▶ What to produce: From the line that contains "Theo hãng MG, người" through the line that contains "Álomszép filigrám kézzel", output every line of the listing below exactly and leave out all the rest.

▶ Available data:
****************************************

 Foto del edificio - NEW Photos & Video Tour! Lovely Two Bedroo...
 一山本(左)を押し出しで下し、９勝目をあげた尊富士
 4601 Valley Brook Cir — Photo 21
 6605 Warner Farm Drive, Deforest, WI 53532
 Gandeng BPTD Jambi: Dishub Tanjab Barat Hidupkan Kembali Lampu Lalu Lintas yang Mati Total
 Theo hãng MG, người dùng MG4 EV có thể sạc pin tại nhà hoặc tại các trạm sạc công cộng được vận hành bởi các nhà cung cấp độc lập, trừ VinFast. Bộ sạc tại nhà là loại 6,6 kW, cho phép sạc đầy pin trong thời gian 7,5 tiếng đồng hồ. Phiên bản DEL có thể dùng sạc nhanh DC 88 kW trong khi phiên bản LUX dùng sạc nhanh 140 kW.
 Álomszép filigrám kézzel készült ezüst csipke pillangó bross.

****************************************

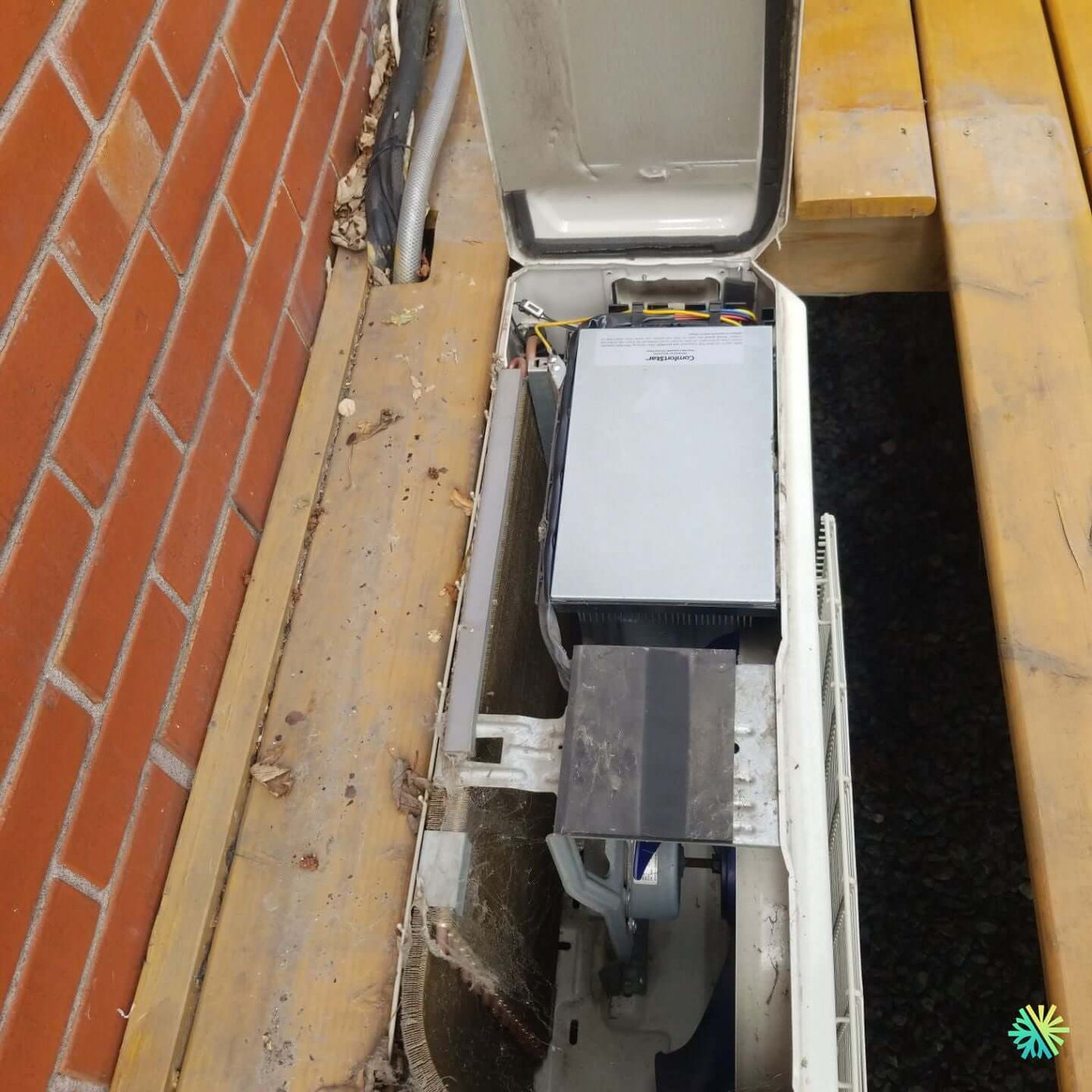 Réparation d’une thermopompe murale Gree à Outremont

****************************************

▶ Task answer:
 Theo hãng MG, người dùng MG4 EV có thể sạc pin tại nhà hoặc tại các trạm sạc công cộng được vận hành bởi các nhà cung cấp độc lập, trừ VinFast. Bộ sạc tại nhà là loại 6,6 kW, cho phép sạc đầy pin trong thời gian 7,5 tiếng đồng hồ. Phiên bản DEL có thể dùng sạc nhanh DC 88 kW trong khi phiên bản LUX dùng sạc nhanh 140 kW.
 Álomszép filigrám kézzel készült ezüst csipke pillangó bross.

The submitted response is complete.